Hetzelfde geldt voor het avondmaal. Het zou minstens elke week gevierd moeten worden. En elke week opnieuw zou verkondigd moeten worden dat we de dood van Christus gedenken. Elke week leren we te sterven aan ons zelf en te leven uit zijn liefde. Elke week zouden we als er iets is waardoor ik niet goed naast mijn broeder of zuster kan zitten om Christus’ dood te gedenken, dat eerst in orde moeten maken. Dat is de eigenlijke betekenis van de censura morum: niet òf je aan tafel gaat, maar of er iets is waardoor we niet samen vieren kunnen en dat eerst moet worden opgeruimd. Alleen als het niet lukt het samen op te lossen vraag je de oudsten van de gemeente daarbij te helpen. Elke week avondmaal en elke week censura morum om elke week de dood van Christus te gedenken geeft een heel andere gemeente. Er zijn wel gemeentes die elke week willen vieren, maar gewoonlijk zonder censura. Er zijn gemeentes met censura, maar liefst niet elke week, en ook dan denken we de klem te kunnen ontgaan door niet mee te vieren. Dat is echter wel hetzelfde als niet eten en dat houd je niet lang vol. Het avondmaal nalaten is een doodzonde. Avondmaal vieren zonder de gemeenschap met Christus en elkaar in het gedenken van zijn dood is dat ook. Het is niet alleen dodelijk voor jezelf, maar voor de hele gemeenschap.

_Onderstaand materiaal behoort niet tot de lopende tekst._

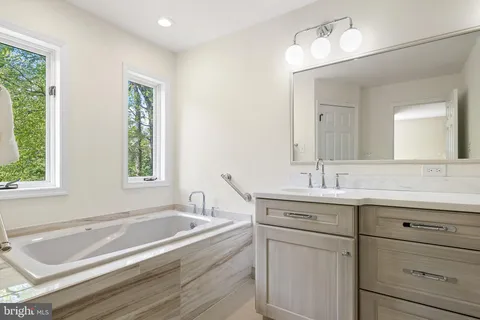$939,900 | 404 Hawthorne Court East, Hockessin, DE 19707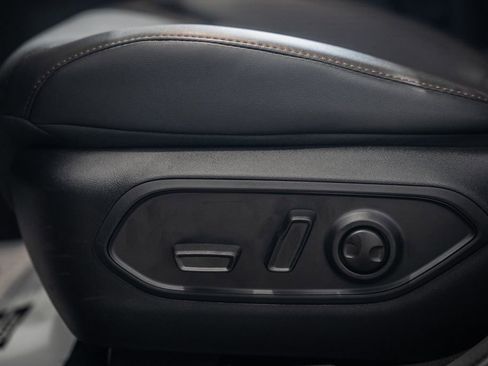 New 2026 Jeep Cherokee Overland image 38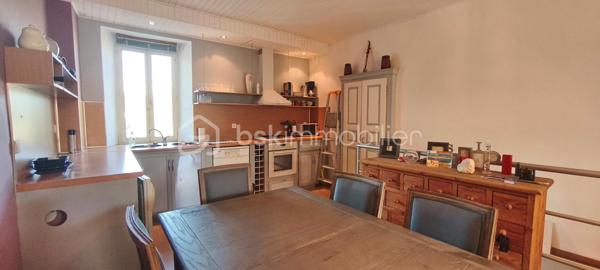 Coup de cœur à Bastelicaccia – Authentique maison en pierre rénovée à seulement 10 minutes de la mer et des plages de Porticcio.

Entre mer et maquis, au cœur du village de Bastelicaccia, découvrez cette ravissante maison en pierre de caractère d'environ 100 m², entièrement rénovée avec goût. Elle offre un cadre de vie privilégié, alliant le charme de l'ancien au confort moderne, tout en profitant de la proximité immédiate des commerces, écoles et services.

Agencée sur trois niveaux, la maison se compose :

Au rez-de-chaussée, d'une suite parentale avec salle d'eau privative et WC indépendant.
Au premier niveau vous découvrirez, un agréable espace de vie baigné de lumière, avec une cuisine ouverte et un accès direct à une terrasse propice aux moments de détente.
Au dernier étage, une chambre spacieuse disposant de sa propre salle d'eau et d’un WC.
Le charme opère dès les premiers instants grâce aux pierres apparentes, aux parquets en bois et à l'atmosphère chaleureuse qui se dégage de chaque pièce.

À l'extérieur, un agréable jardinet vient compléter ce bien, offrant un espace idéal pour profiter des journées ensoleillées ou accueillir vos animaux de compagnie.

Ses principaux atouts ; Maison entièrement rénovée - Charme authentique et matériaux de caractère
Toutes les commodités accessibles à pied - Environnement calme et verdoyant.
À seulement 10 minutes des plages de Porticcio et 15 minutes de l'aéroport d'Ajaccio Napoléon Bonaparte.

Que vous recherchiez une résidence principale, une maison de vacances ou un investissement de qualité en Corse, ce bien saura vous séduire par son authenticité et son emplacement privilégié. Pour toutes demandes d’informations, téléphonez au  06.28.04.74.47 ou envoyer moi un email d.larroche@bskimmobilier.com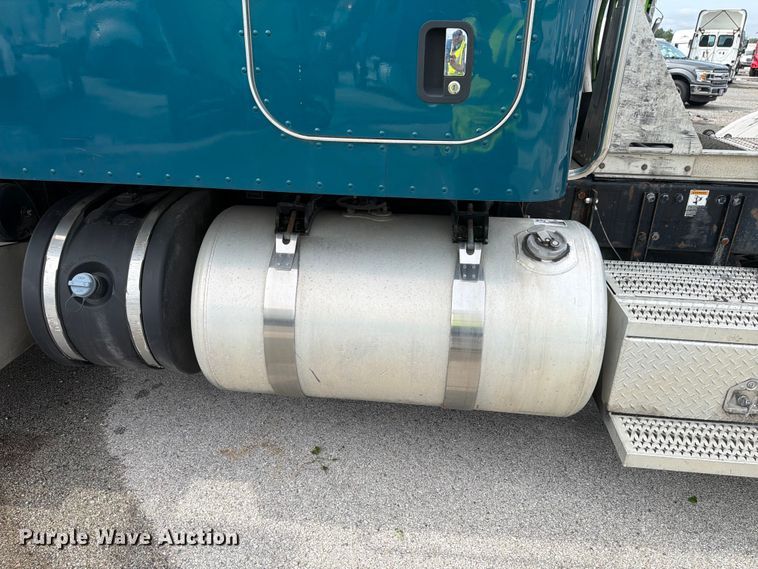 image for item YA4092 2017 Peterbilt 579 semi truck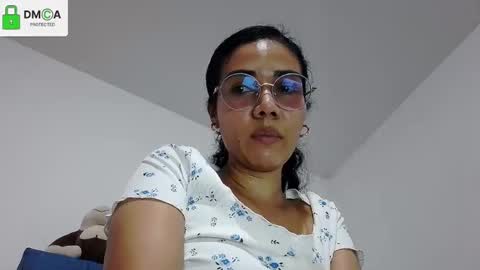 Snapshot of abbi_moon chatting on December 10, 8:16 pm Martina online show from December 10, 8:16 pm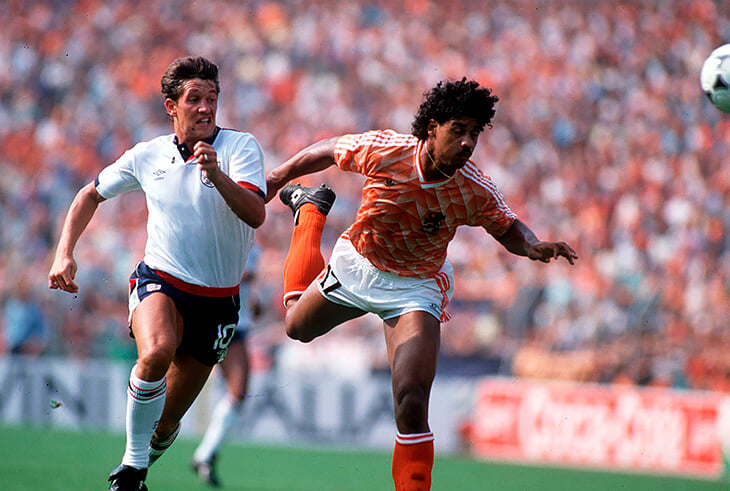 Football england netherlands. Ван Бастен Чемпионат Европы 1988. Ван Бастен футболист евро 1988. Голландия Ирландия 1988. Ван Бастен на евро 2008.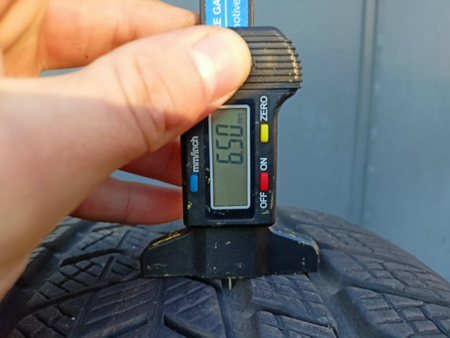 275/40R22 Pirelli Scorpion Winter XL para opon zima 6,5mm nr2466A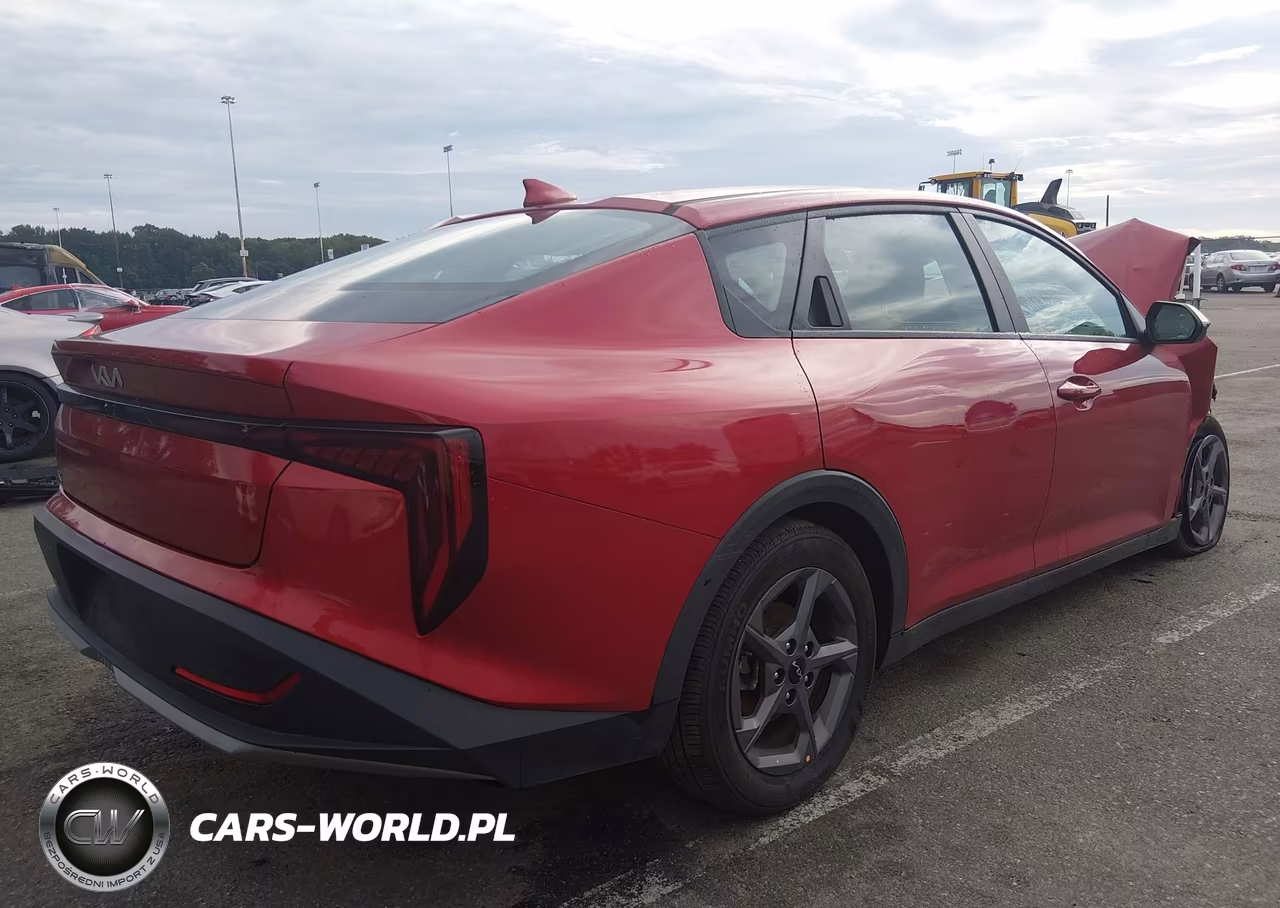 2025 Kia K4 Lxs VIN:3KPFT4DE6SE150574 - 4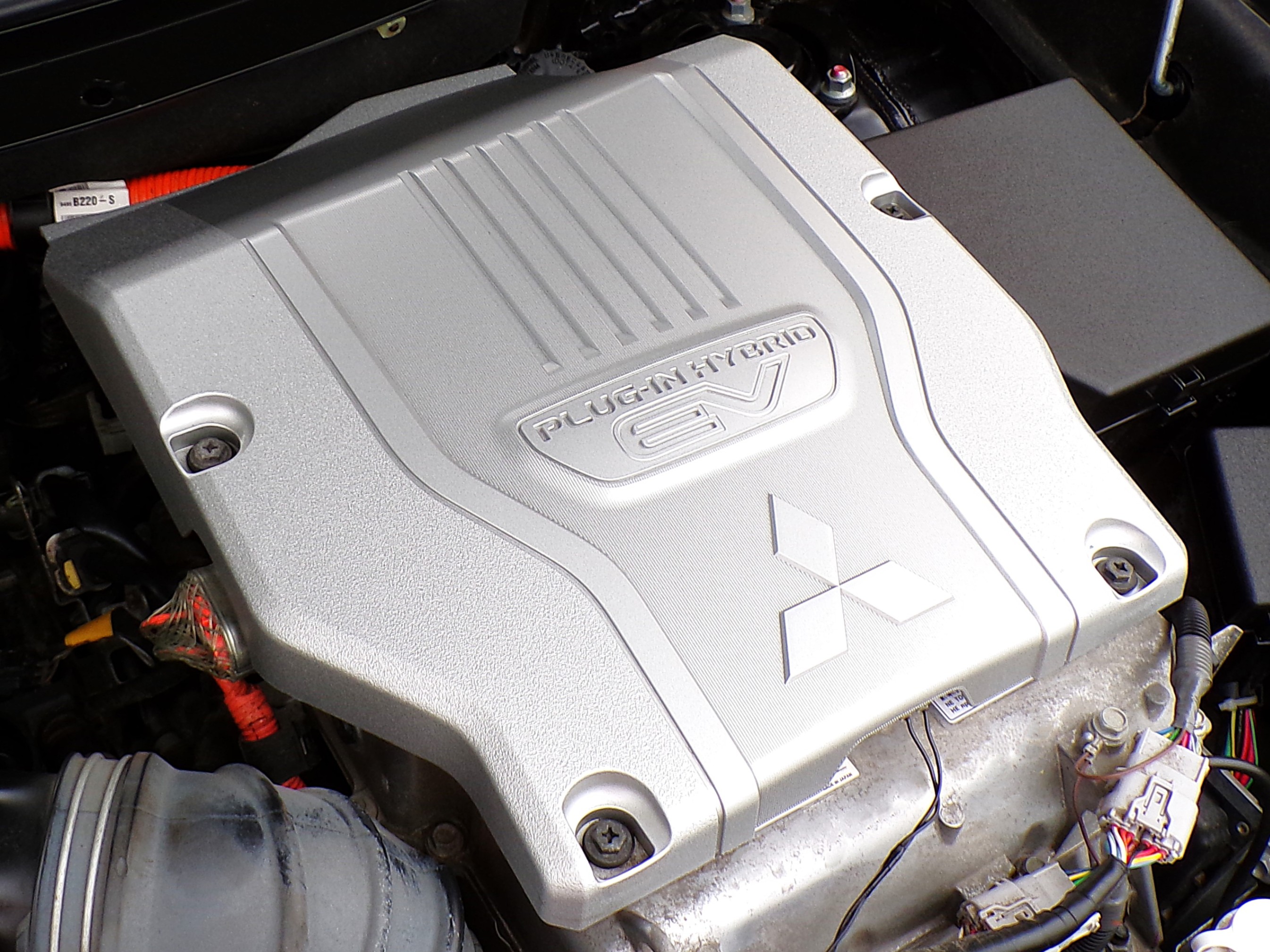 /autogallery/2018-Mitsubishi-OutlanderPHEV-6260091533217127.jpg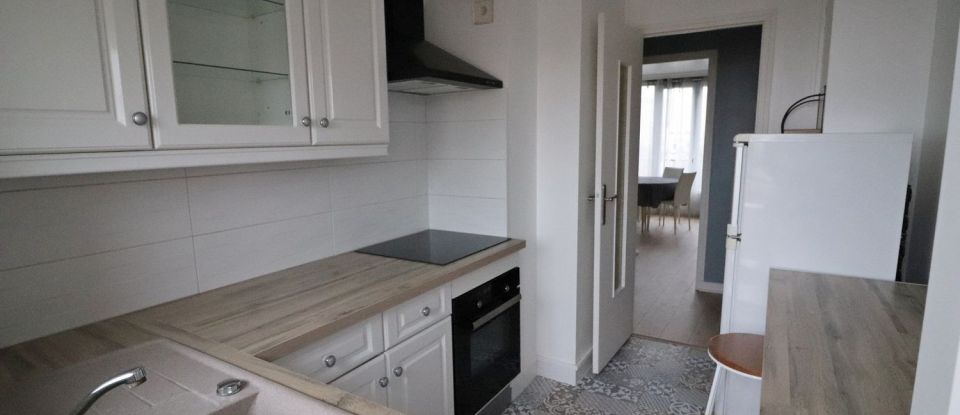 Apartment 3 rooms of 56 m² in Melun (77000)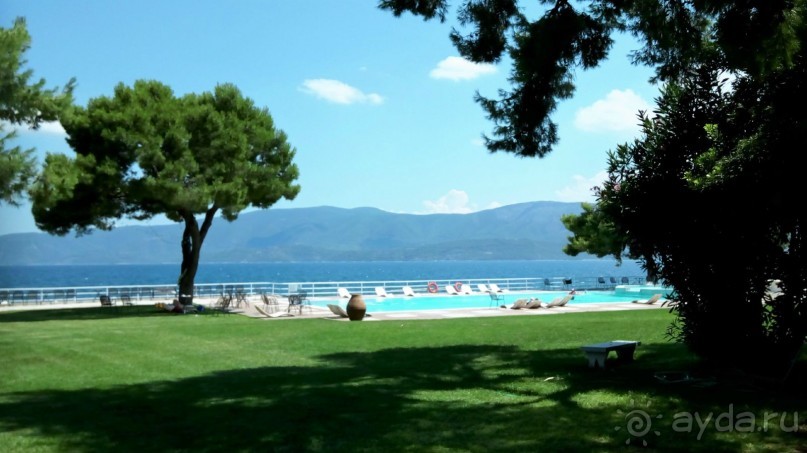 Греческая "кругосветка". Пелопоннес. Посёлок Истмия.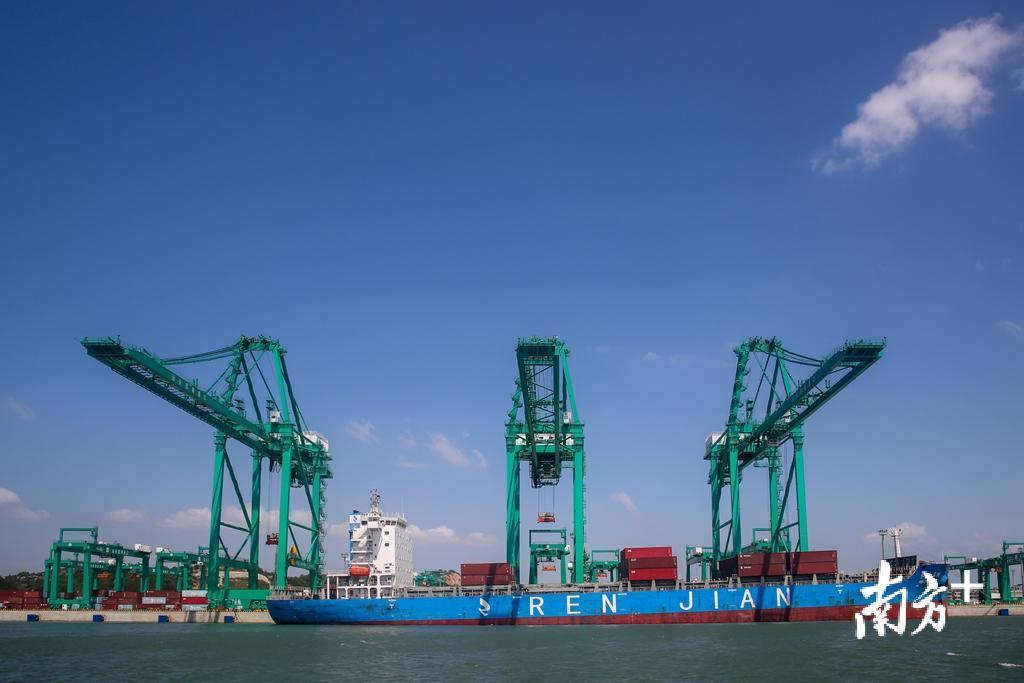 汕头广澳港区二期项目完工验收。余丹 摄 汕头广澳港区二期项目完工验收。余丹 摄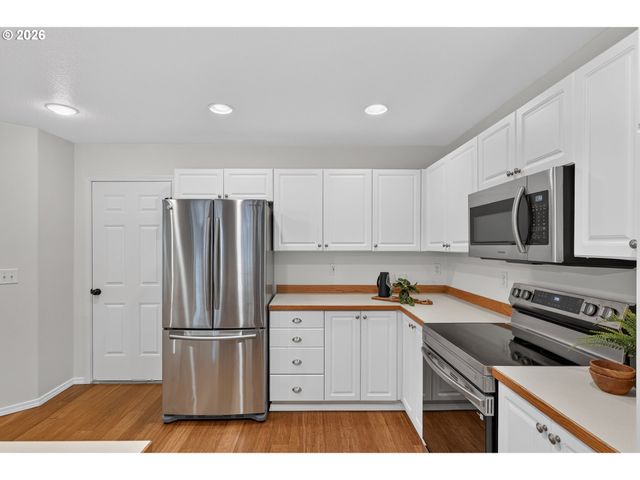 10495 Sw FRANKLIN Ln, Wilsonville, OR 97070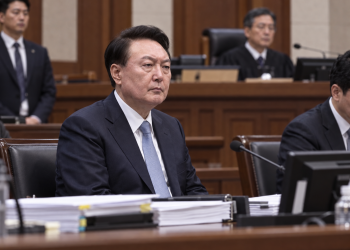 윤석열 ‘명태균 여론조사’ 2심 무죄…김건희 판결도 흔들리나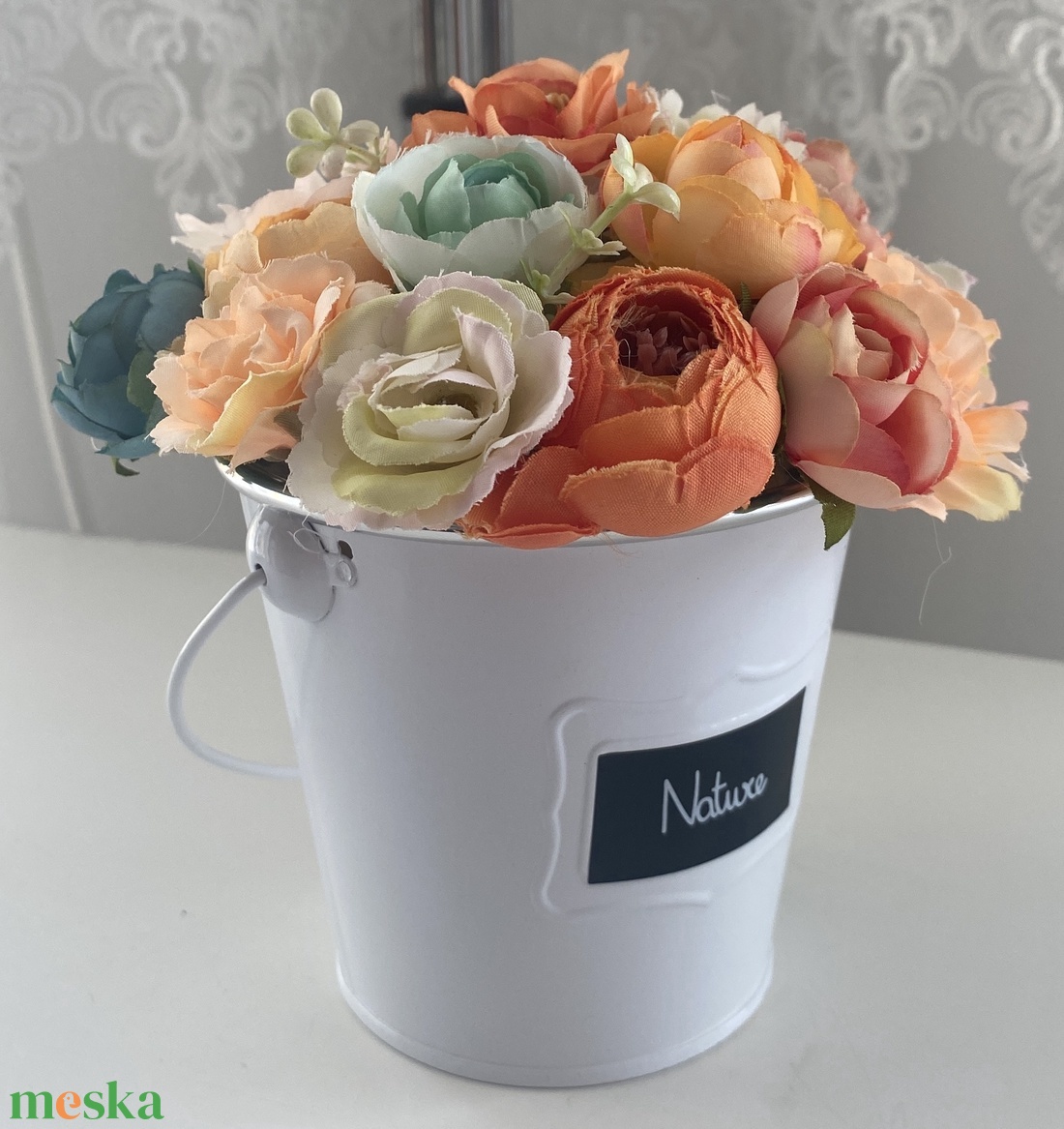 Vidám barack virágcsokor, virágbox , virágdoboz, asztaldísz - ékszer - fülbevaló - lógós kerek fülbevaló - Meska.hu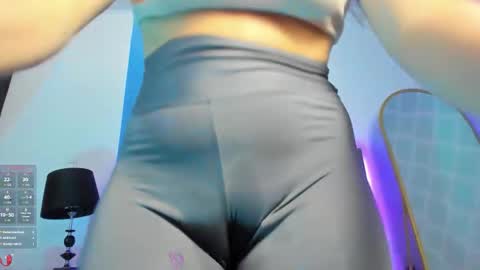 Snapshot of ayla13_ chatting on October 4, 9:45 pm Alyda Jaramillo online show from October 4, 9:45 pm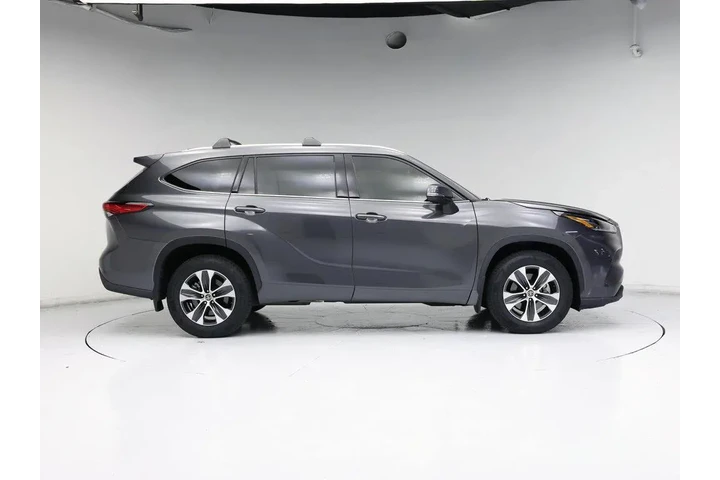 $33998 : Toyota Highlander 2021 AWD X image 7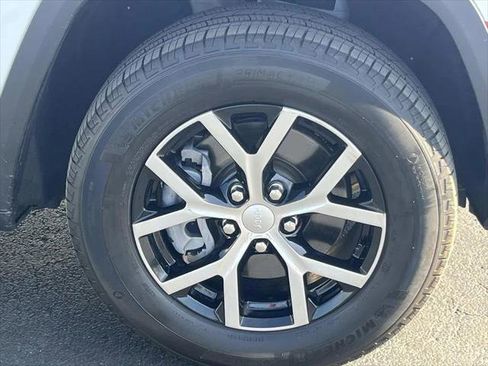 Certified 2024 Jeep Grand Cherokee L Limited image 9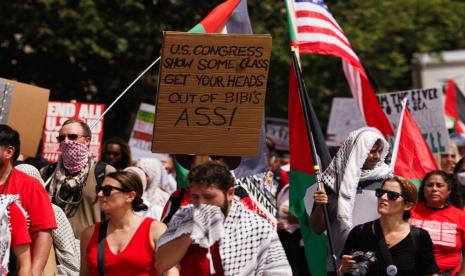 Pengunjuk rasa berkumpul menentang penjualan senjata AS ke Israel di Capitol Hill di Washington, DC, AS, 24 Juli 2024. Isu genosida di Gaza mewarnai Pilpres AS 2024.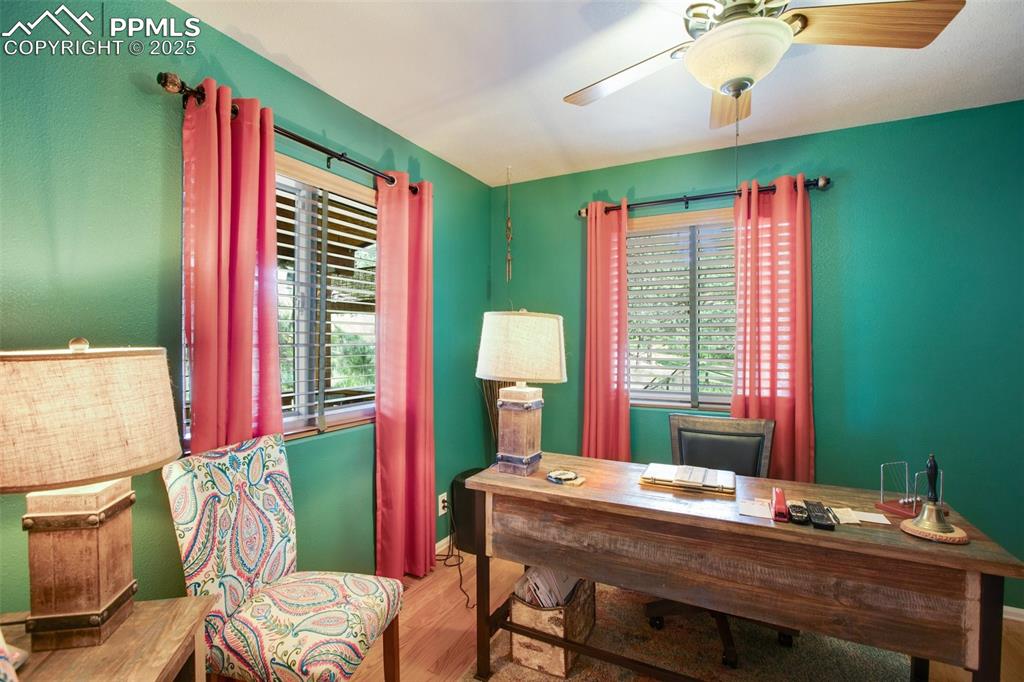 Image 24 of 32: Office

De kerk moet zich houden aan canon, credo, ambt en sacrament. Het is de praktische vormgeving van Psalm 141: ‘ ‘k Roep, Heer, in angst tot U gevloden.’ Want hoe emotioneel die psalm ook mag zijn, het is niet puur subjectieve emotie – die zo vluchtig is – maar de roep van de kerk door de eeuwen en heeft een heel concrete betekenis in een concrete gang naar het heiligdom. Daarmee zijn we bij de kern van de relatie van de kerk en de cultuur: is de kerk het heiligdom dat ook heiligdom durft te zijn of is het een begraafplaats van de dode God die wij hebben gedood omdat we niet wilden sterven en aantrekkelijk blijven voor de wereld.